[What you have to do]
Reproduce each of the entries that follow, exactly.

(Material provided Opens)

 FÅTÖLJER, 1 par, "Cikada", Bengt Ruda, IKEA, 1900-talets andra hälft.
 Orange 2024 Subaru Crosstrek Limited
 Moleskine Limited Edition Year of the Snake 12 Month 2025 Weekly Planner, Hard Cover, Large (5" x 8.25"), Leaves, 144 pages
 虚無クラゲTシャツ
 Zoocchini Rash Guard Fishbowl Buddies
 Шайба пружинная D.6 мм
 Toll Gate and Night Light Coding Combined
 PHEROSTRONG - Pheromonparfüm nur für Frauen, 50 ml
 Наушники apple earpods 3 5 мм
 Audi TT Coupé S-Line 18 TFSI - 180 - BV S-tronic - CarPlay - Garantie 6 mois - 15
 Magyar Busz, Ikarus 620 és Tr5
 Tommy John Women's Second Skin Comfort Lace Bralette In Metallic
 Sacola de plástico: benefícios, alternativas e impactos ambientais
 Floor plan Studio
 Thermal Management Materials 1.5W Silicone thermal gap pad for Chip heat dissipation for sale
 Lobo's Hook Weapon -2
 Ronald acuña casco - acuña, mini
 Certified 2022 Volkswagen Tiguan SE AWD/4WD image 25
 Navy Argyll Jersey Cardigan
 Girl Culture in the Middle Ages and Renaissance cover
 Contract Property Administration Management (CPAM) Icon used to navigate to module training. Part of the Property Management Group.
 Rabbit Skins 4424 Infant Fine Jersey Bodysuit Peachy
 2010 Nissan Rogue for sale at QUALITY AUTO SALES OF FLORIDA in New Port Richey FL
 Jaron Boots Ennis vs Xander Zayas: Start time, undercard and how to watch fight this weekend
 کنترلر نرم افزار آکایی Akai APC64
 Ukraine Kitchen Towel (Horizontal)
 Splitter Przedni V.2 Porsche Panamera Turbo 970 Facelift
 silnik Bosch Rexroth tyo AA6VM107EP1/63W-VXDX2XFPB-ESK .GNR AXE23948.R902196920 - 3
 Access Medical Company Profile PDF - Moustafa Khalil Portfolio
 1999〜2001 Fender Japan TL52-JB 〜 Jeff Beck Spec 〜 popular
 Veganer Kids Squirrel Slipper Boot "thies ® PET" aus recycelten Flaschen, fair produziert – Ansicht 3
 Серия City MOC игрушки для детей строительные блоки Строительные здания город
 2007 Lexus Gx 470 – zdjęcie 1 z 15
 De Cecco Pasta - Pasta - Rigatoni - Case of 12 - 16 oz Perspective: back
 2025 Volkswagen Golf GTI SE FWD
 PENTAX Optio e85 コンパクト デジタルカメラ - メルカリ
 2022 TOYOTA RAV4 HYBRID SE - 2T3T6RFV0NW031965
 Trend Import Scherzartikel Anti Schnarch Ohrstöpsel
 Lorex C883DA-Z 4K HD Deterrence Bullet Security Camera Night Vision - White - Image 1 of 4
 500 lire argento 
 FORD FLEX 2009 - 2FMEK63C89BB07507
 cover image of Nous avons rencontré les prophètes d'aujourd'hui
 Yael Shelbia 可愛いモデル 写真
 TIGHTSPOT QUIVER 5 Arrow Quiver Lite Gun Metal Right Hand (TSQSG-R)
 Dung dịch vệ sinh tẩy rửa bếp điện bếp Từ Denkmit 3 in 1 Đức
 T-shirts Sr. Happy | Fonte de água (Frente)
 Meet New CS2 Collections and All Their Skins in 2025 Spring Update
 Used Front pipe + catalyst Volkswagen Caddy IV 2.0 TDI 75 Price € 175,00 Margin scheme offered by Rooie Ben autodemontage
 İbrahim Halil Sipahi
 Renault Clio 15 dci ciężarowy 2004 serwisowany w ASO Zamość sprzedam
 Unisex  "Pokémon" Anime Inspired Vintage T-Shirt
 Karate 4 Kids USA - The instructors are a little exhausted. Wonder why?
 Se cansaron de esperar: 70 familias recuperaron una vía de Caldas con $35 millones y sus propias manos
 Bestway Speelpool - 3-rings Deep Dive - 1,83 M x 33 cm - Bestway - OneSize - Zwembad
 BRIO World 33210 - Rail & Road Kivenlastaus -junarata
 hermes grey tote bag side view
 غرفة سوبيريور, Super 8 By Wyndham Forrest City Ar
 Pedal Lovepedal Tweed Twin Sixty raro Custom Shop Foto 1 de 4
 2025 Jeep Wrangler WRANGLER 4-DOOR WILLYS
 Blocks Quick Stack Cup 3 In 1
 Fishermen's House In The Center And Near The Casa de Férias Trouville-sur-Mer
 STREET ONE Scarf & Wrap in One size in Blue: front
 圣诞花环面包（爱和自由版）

(Material provided Closes)

[Output of the exercise]
 FÅTÖLJER, 1 par, "Cikada", Bengt Ruda, IKEA, 1900-talets andra hälft.
 Orange 2024 Subaru Crosstrek Limited
 Moleskine Limited Edition Year of the Snake 12 Month 2025 Weekly Planner, Hard Cover, Large (5" x 8.25"), Leaves, 144 pages
 虚無クラゲTシャツ
 Zoocchini Rash Guard Fishbowl Buddies
 Шайба пружинная D.6 мм
 Toll Gate and Night Light Coding Combined
 PHEROSTRONG - Pheromonparfüm nur für Frauen, 50 ml
 Наушники apple earpods 3 5 мм
 Audi TT Coupé S-Line 18 TFSI - 180 - BV S-tronic - CarPlay - Garantie 6 mois - 15
 Magyar Busz, Ikarus 620 és Tr5
 Tommy John Women's Second Skin Comfort Lace Bralette In Metallic
 Sacola de plástico: benefícios, alternativas e impactos ambientais
 Floor plan Studio
 Thermal Management Materials 1.5W Silicone thermal gap pad for Chip heat dissipation for sale
 Lobo's Hook Weapon -2
 Ronald acuña casco - acuña, mini
 Certified 2022 Volkswagen Tiguan SE AWD/4WD image 25
 Navy Argyll Jersey Cardigan
 Girl Culture in the Middle Ages and Renaissance cover
 Contract Property Administration Management (CPAM) Icon used to navigate to module training. Part of the Property Management Group.
 Rabbit Skins 4424 Infant Fine Jersey Bodysuit Peachy
 2010 Nissan Rogue for sale at QUALITY AUTO SALES OF FLORIDA in New Port Richey FL
 Jaron Boots Ennis vs Xander Zayas: Start time, undercard and how to watch fight this weekend
 کنترلر نرم افزار آکایی Akai APC64
 Ukraine Kitchen Towel (Horizontal)
 Splitter Przedni V.2 Porsche Panamera Turbo 970 Facelift
 silnik Bosch Rexroth tyo AA6VM107EP1/63W-VXDX2XFPB-ESK .GNR AXE23948.R902196920 - 3
 Access Medical Company Profile PDF - Moustafa Khalil Portfolio
 1999〜2001 Fender Japan TL52-JB 〜 Jeff Beck Spec 〜 popular
 Veganer Kids Squirrel Slipper Boot "thies ® PET" aus recycelten Flaschen, fair produziert – Ansicht 3
 Серия City MOC игрушки для детей строительные блоки Строительные здания город
 2007 Lexus Gx 470 – zdjęcie 1 z 15
 De Cecco Pasta - Pasta - Rigatoni - Case of 12 - 16 oz Perspective: back
 2025 Volkswagen Golf GTI SE FWD
 PENTAX Optio e85 コンパクト デジタルカメラ - メルカリ
 2022 TOYOTA RAV4 HYBRID SE - 2T3T6RFV0NW031965
 Trend Import Scherzartikel Anti Schnarch Ohrstöpsel
 Lorex C883DA-Z 4K HD Deterrence Bullet Security Camera Night Vision - White - Image 1 of 4
 500 lire argento 
 FORD FLEX 2009 - 2FMEK63C89BB07507
 cover image of Nous avons rencontré les prophètes d'aujourd'hui
 Yael Shelbia 可愛いモデル 写真
 TIGHTSPOT QUIVER 5 Arrow Quiver Lite Gun Metal Right Hand (TSQSG-R)
 Dung dịch vệ sinh tẩy rửa bếp điện bếp Từ Denkmit 3 in 1 Đức
 T-shirts Sr. Happy | Fonte de água (Frente)
 Meet New CS2 Collections and All Their Skins in 2025 Spring Update
 Used Front pipe + catalyst Volkswagen Caddy IV 2.0 TDI 75 Price € 175,00 Margin scheme offered by Rooie Ben autodemontage
 İbrahim Halil Sipahi
 Renault Clio 15 dci ciężarowy 2004 serwisowany w ASO Zamość sprzedam
 Unisex  "Pokémon" Anime Inspired Vintage T-Shirt
 Karate 4 Kids USA - The instructors are a little exhausted. Wonder why?
 Se cansaron de esperar: 70 familias recuperaron una vía de Caldas con $35 millones y sus propias manos
 Bestway Speelpool - 3-rings Deep Dive - 1,83 M x 33 cm - Bestway - OneSize - Zwembad
 BRIO World 33210 - Rail & Road Kivenlastaus -junarata
 hermes grey tote bag side view
 غرفة سوبيريور, Super 8 By Wyndham Forrest City Ar
 Pedal Lovepedal Tweed Twin Sixty raro Custom Shop Foto 1 de 4
 2025 Jeep Wrangler WRANGLER 4-DOOR WILLYS
 Blocks Quick Stack Cup 3 In 1
 Fishermen's House In The Center And Near The Casa de Férias Trouville-sur-Mer
 STREET ONE Scarf & Wrap in One size in Blue: front
 圣诞花环面包（爱和自由版）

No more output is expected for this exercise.